» **WORK TASK**
What are the lines below, starting at the line containing "Vista principale di" and ending at the line containing "ロンt レディース 長袖"? Write them out exactly, ends included, without pictures.

» **TASK DATA**
* * * * * * *

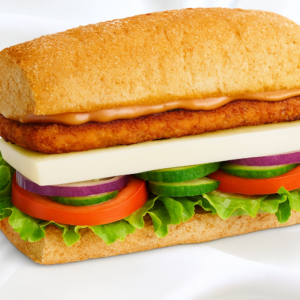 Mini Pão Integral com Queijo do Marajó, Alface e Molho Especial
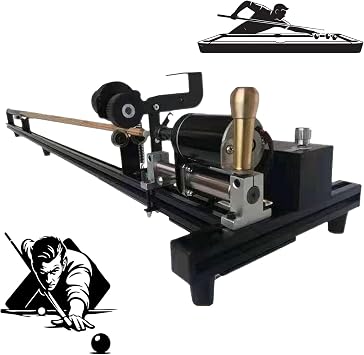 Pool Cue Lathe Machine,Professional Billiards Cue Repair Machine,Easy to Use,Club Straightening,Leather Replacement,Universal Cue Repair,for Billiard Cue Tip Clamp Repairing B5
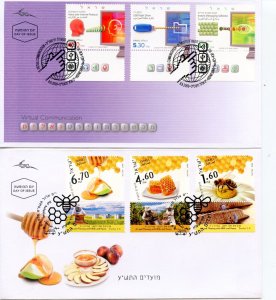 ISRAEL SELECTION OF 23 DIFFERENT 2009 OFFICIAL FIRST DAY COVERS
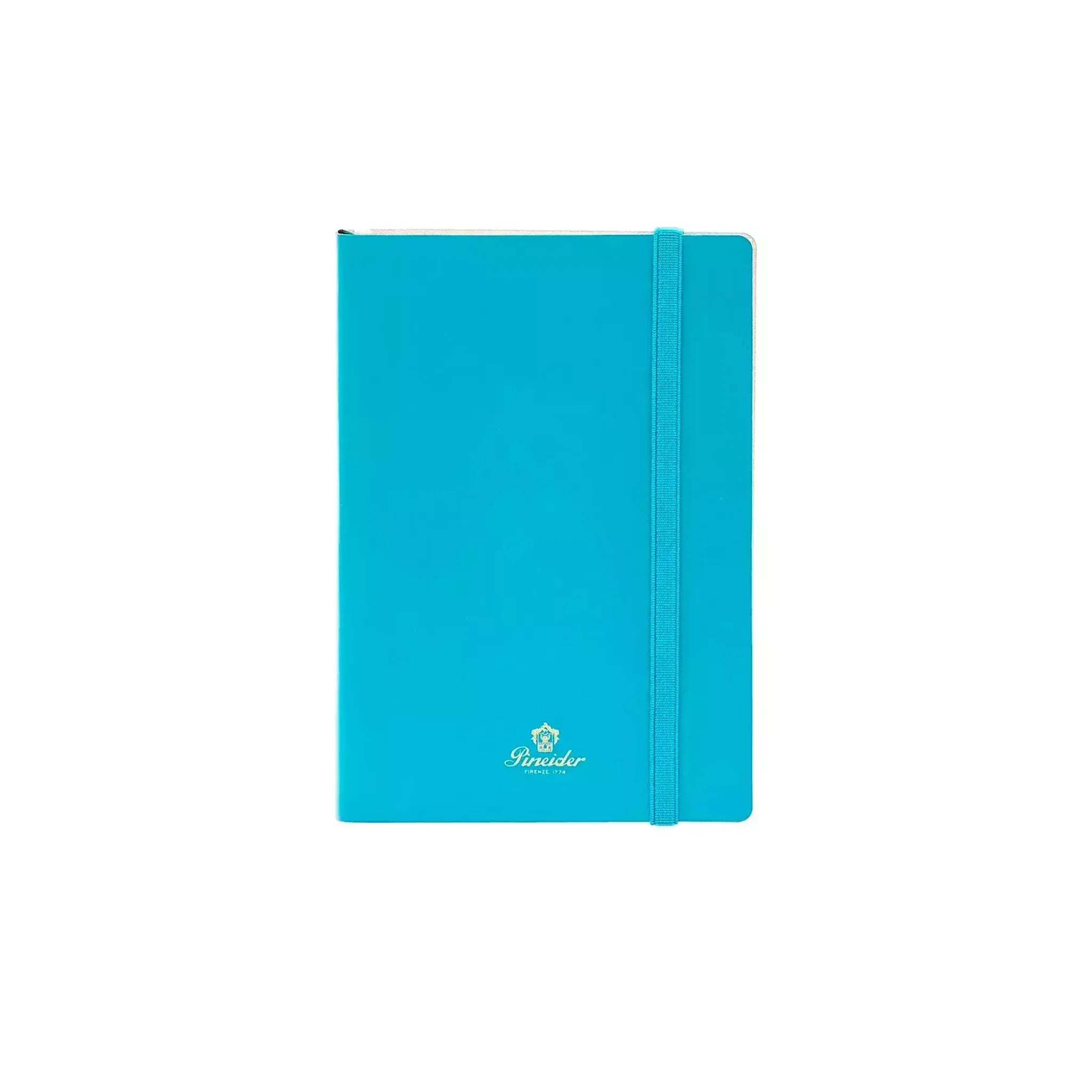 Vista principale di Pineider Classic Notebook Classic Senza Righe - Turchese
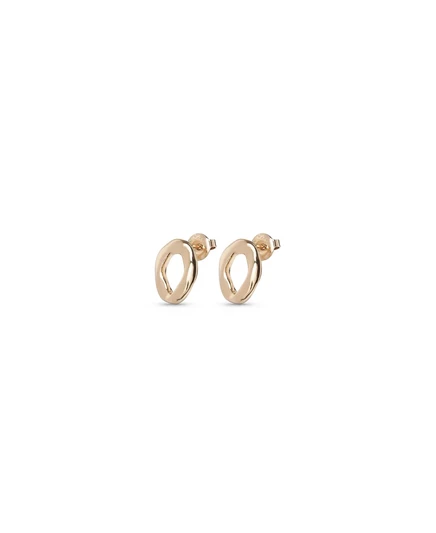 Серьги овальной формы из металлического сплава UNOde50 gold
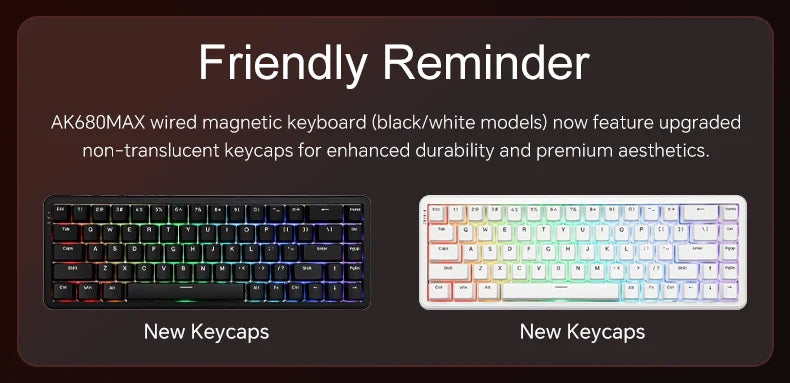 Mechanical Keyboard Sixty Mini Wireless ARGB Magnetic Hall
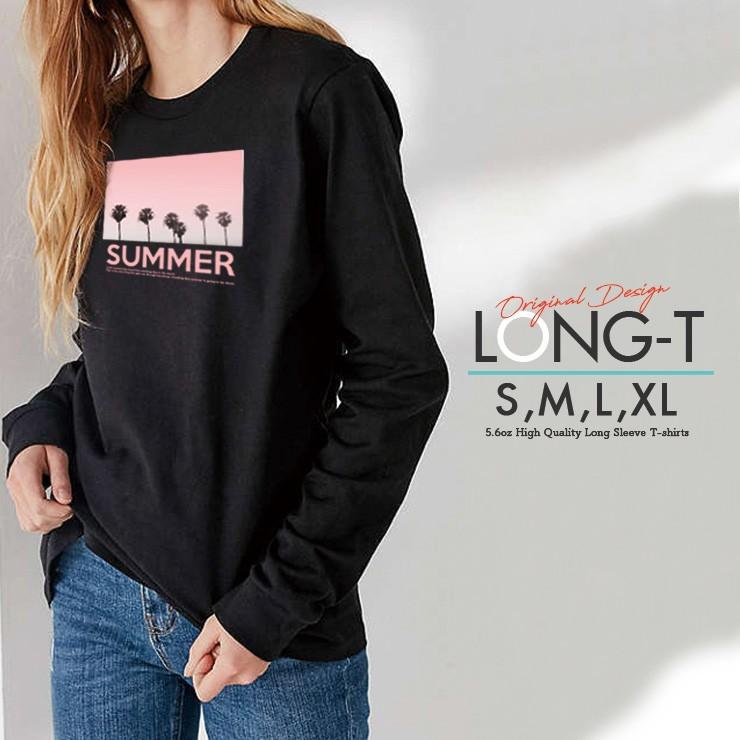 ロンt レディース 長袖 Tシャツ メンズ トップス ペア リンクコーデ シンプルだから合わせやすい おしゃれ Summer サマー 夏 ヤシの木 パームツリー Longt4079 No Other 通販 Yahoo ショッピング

* * * * * * *

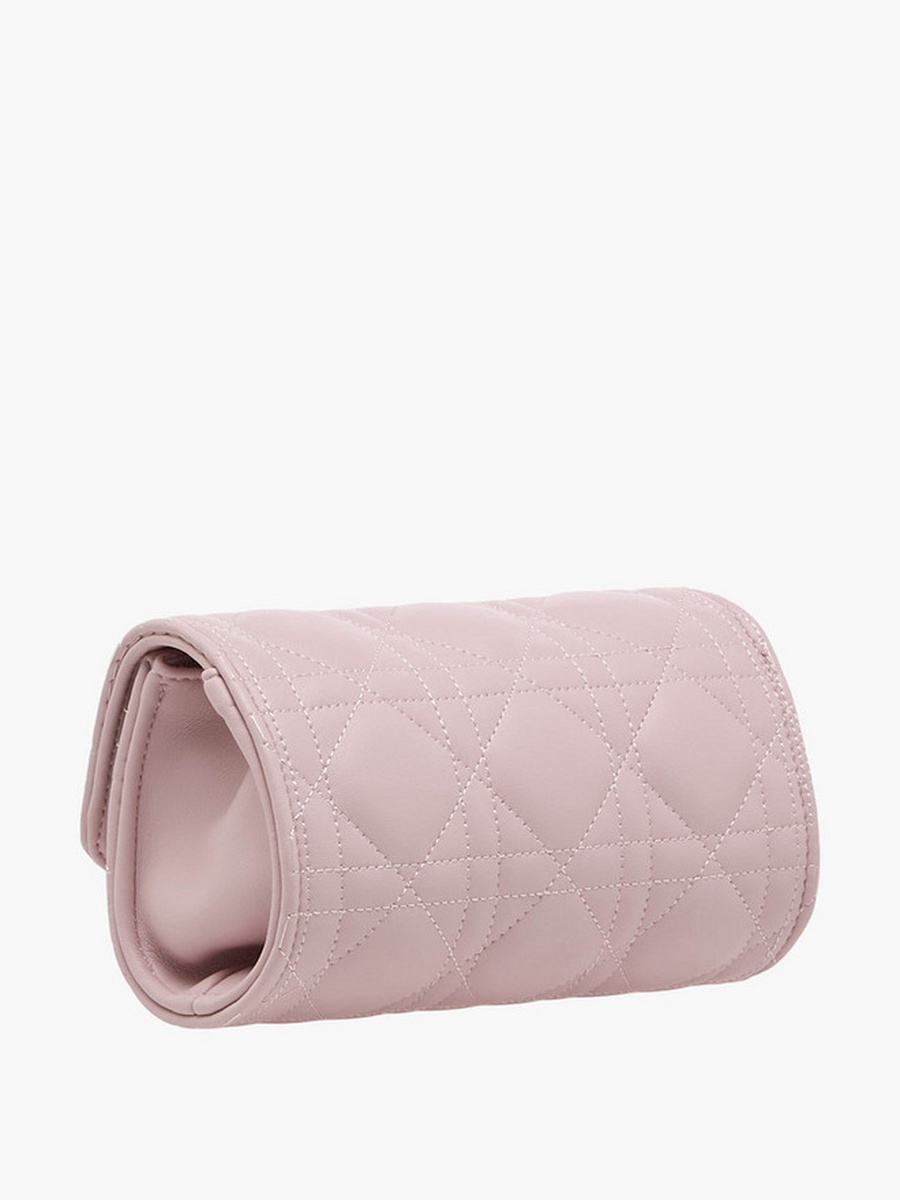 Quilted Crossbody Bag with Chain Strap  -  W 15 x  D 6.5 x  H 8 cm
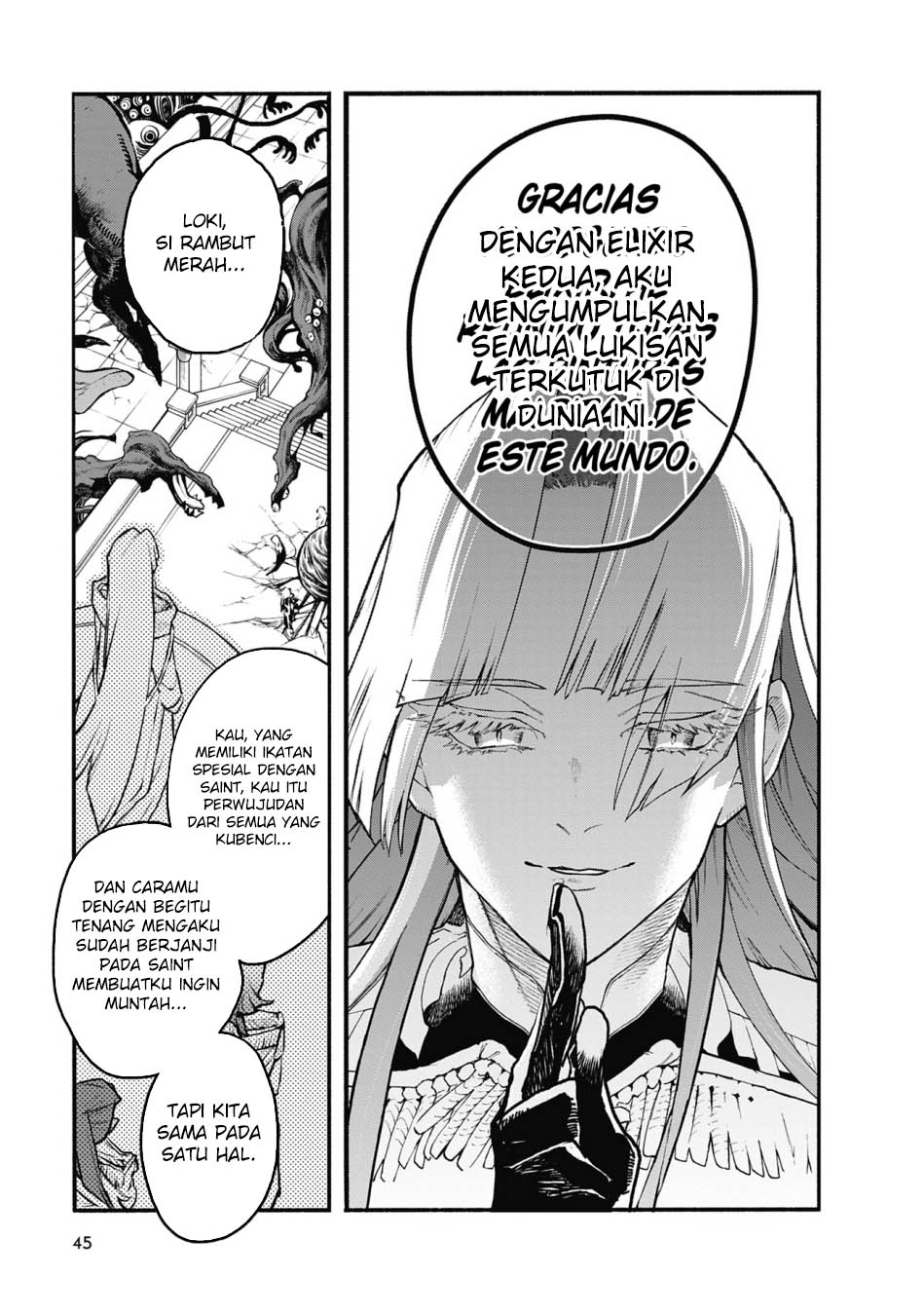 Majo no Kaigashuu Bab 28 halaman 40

* * * * * * *

» **EXPECTED ANSWER**
 Vista principale di Pineider Classic Notebook Classic Senza Righe - Turchese
 Серьги овальной формы из металлического сплава UNOde50 gold
 Mechanical Keyboard Sixty Mini Wireless ARGB Magnetic Hall
 ロンt レディース 長袖 Tシャツ メンズ トップス ペア リンクコーデ シンプルだから合わせやすい おしゃれ Summer サマー 夏 ヤシの木 パームツリー Longt4079 No Other 通販 Yahoo ショッピング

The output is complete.